Em Levítico 23:26, lemos: “Mas, ao dez deste mês sétimo, será o Dia da Expiação; tereis santa convocação e afligireis a vossa alma; trareis oferta queimada ao SENHOR.”
A festa de Yom Kippur[1] (“Dia do Juízo” ou “Dia da Expiação”) é uma das mais importantes que aparece nos relatos da história do povo de Israel. De acordo com o capítulo 16 de Levítico, o ritual sacrifical deste dia envolvia essencialmente um sacrifício de novilho, feito em favor do sumo sacerdote e sua casa (v.11), um carneiro para holocausto (v.3), e um bode como oferta pelo pecado do povo (v.15). Além disto, neste dia outro bode era escolhido, sobre o qual o sumo sacerdote Arão deveria “confessar todas as iniquidades dos filhos de Israel, todas as transgressões e todos os seus pecados” (v.21), e na sequência lançá-lo no deserto. Levando assim, consigo, “todas as iniquidades deles para a terra solitária” (v. 22). Nesta ocasião sagrada e solene, o sumo sacerdote, já advertido quanto aos cuidados ao entrar no Tabernáculo (Levítico 16:2-4), tinha acesso ao Santos dos Santos para aspergir o sangue do sacrifício sobre a tampa da arca da aliança, o propiciatório (kapporeth)[2].
A essência desta festa pode ser lida no v. 30 de Levítico 16, onde é dito: “Porque naquele dia, se fará expiação por vós, para purificar-vos; e sereis purificados de todos os vossos pecados, perante o SENHOR.”
Ao lermos o capítulo 8 de Daniel, podemos ver uma série de relações com o contexto de Yom Kippur. Além de, logo no início, notarmos um bode e um carneiro (vv. 3-4), a atmosfera é de Levítico 16. Nos vv. 11 e 12 aparecem as palavras: “santuário”, “pecado”, “serviço diário”, e a referência ao “príncipe dos exércitos” que, além de ser um termo técnico para o sumo sacerdote (Esdras 8:24), no livro de Daniel aparece em referência a Miguel (Daniel 10:5, 13, 21; 12:1) que veste roupas de linho, tal qual o sumo sacerdote no Yom Kippur (Levítico 16:4).

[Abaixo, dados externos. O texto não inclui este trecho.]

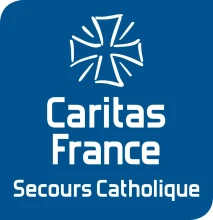 Secours Catholique délégation de Franche-Comté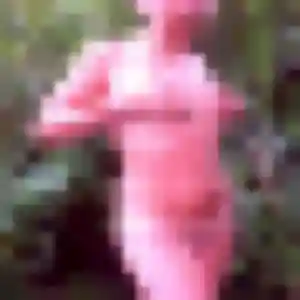 Constance (42 ans) à La Plaine-sur-Mer propose une rencontre rapidement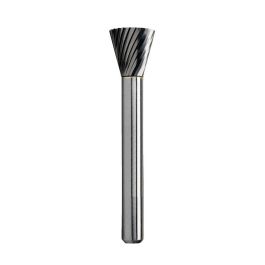 PROTEC Mg-6 Fresa Tronco Montaje Directo 12Mm PROTEC Mg-6 Fresa Tronco Montaje Directo 12Mm Precio: 28.49999999. SKU: B1BCNA47PD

Depois de ver, em sua visão, um chifre pequeno que tenta usurpar o poder de DEUS por meio de uma transgressão assoladora, Daniel ouve uma conversa entre dois seres celestiais. Nela, um deles pergunta até quando duraria toda aquela tragédia, e a resposta é: “Até duas mil e trezentas tardes e manhãs; e o santuário será purificado” (Daniel 8:11-14). Na sequência do livro, Daniel compreende, com auxílio divino, que aquilo se referia “ao tempo do fim” (v.17), um tempo escatológico.
De acordo com Michael Fishbane[3], no texto bíblico, o relato da construção do santuário (Êxodo 25-40; 1 Reis 7:40,51) parece ter uma relação com o relato da criação da terra (Gênesis 1:1-2:4). Por exemplo, segundo ele, há uma série de paralelos verbais entre Gênesis 1:31; 2:1-3 e Êxodo 39:32,43; 40:33. Além de que em ambos os relatos vemos 7 estágios e em ambos aparece a expressão “terminada a obra” (Gênesis 2:2; Êxodo 40:33; 1 Reis 7:40,51).
Assim, a purificação escatológica do santuário tem relação com a purificação da terra. Em ambas, vemos oportunidade de nova criação. E este é o espírito de Yom Kippur. O espírito de que o anúncio do juízo alimenta em nós a esperança por uma nova criação. No anúncio do juízo, há oportunidade para o perdão.
Como é dito em Yom Kippur: “Compadece-te de mim, ó DEUS, segundo a tua benignidade; e segundo a multidão das tuas misericórdias, apaga as minhas transgressões. Lava-me completamente da minha iniquidade e purifica-me do meu pecado. […] Purifica-me com hissopo, e ficarei limpo; lava-me e ficarei mais alvo que a neve” (Salmos 51:1-2,7)
[1] Yom haKippurim (י֧וֹם הַכִּפֻּרִ֣ים) em Levítico 23:26
[2] Palavra oriunda da mesma raiz de Kippur.
[3] Michael Fishbane, Text and Texture: Close Readings of Selected Biblical Texts (New York: Schocken, 1979).